AÑO: 2022
PÁGINAS: 115
GÉNERO: novela
Que el pasado y los recuerdos nos atormentan muchas veces, lo sabemos. Que ese pasado no lo tenemos resuelto, sucede casi siempre y a todos. Que tenemos vivencias que nos agarrotan y nos anclan en los remordimientos, nos ocurre y no somos conscientes o buscamos refugios que los tapen. Nuestra memoria es siempre episódica y que lo sea significa que recordamos sólo algunos momentos y al mismo tiempo los revivimos y al hacerlo les imponemos nuestro presente y nuestra experiencia actual. En los recuerdos siempre hay huecos y el cerebro humano tiende a completarlos y esto significa que la información que perdemos por culpa del paso del tiempo, la rematamos con la experiencia, a veces incluso con la imaginación, como si nuestra cabeza los reformulara. El narrador de esta novela escribe en primera persona. Podría ser, yo no lo sé, pero todo apunta a ello, que este narrador use la metaficción y asistamos los lectores a un trozo de vida del propio autor, que rescata de su pasado una historia que necesitaba escribir para hacerla fiable, para creérsela y refutarla en el ahora. Así, la escritura surge como necesidad y exigencia, como respiración intimista, como lenitivo y, también, por qué no, como expiación en busca de un resarcimiento, de un perdón sobre unas circunstancias que todavía escuecen y perduran quemándonos en la conciencia.
Hay en esta novelita corta muchas cosas loables. A su prosa ciertamente poética, se une el retrato de una época (que suena muy bien a representación generacional, aunque también a fotografía nostálgica sobre lo que dejamos atrás sabiendo que ya nunca vuelve) y al leer los comportamientos de los personajes, brota un análisis certero y profundo de los laberintos o los embrollos humanos. Hay un narrador que necesita dos cosas: primero, comprender; después, indultarse. La infancia y primera adolescencia son cólera y rubor, bochorno y también ignominia, aunque detrás de todo ello esté la inocencia y la inexperiencia rotas. Crecer es equivocarse una y otra vez y el protagonista-niño recordado por el protagonista-adulto se siente culpable de algo que no pudo ni supo evitar.
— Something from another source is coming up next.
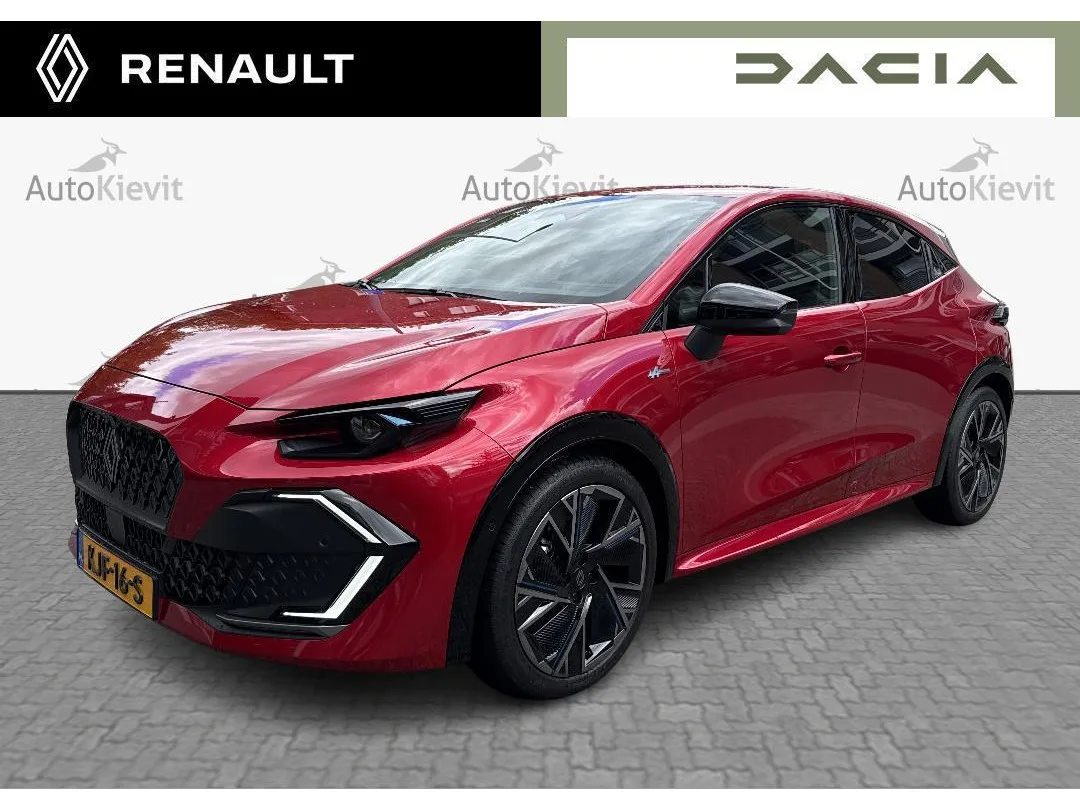 Renault Clio (2026) — foto 1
Ojalá pudiéramos borrar y empezar de nuevo, pero sabiendo, parece decir sin decir en cada página el narrador de la novela.
Esta novelita (y el diminutivo es por la corta extensión) es como una pieza de dulce sabroso y suculento en la que nostalgia, reminiscencias y reivindicación se dan la mano para hablar de temas como la amistad, el acoso, la pérdida de ligaduras con la naturaleza o la escritura como catarsis. Se lee fácil gracias a una prosa pulcramente limpia (esto requiere un enorme esfuerzo de concentración y poda, nada fácil de lograr y lo destaco como mérito), gracias a una trama con un misterio nada truquero y con mucho de nostalgia y necesidad de redención. Hay también dentro de los párrafos como un aliento lírico que mitiga las negruras y que dejan poso a literatura delicada y sutil, que se agranda más cuando uno la piensa después de haberla disfrutado. Una pequeña delicatessen, sin duda.
Posdata: no he hablado de Monfragüe, ese espacio natural protegido y consolidado como santuario para observar aves que en la novela funciona no sólo como reivindicación de la naturaleza, sino, y sobre todo, como arcadia, como locus amoenus al que el ser humano necesita regresar. Porque todos, de alguna forma, buscamos retornar a aquel lugar del que partimos una vez. Bella metáfora el título de esta novela.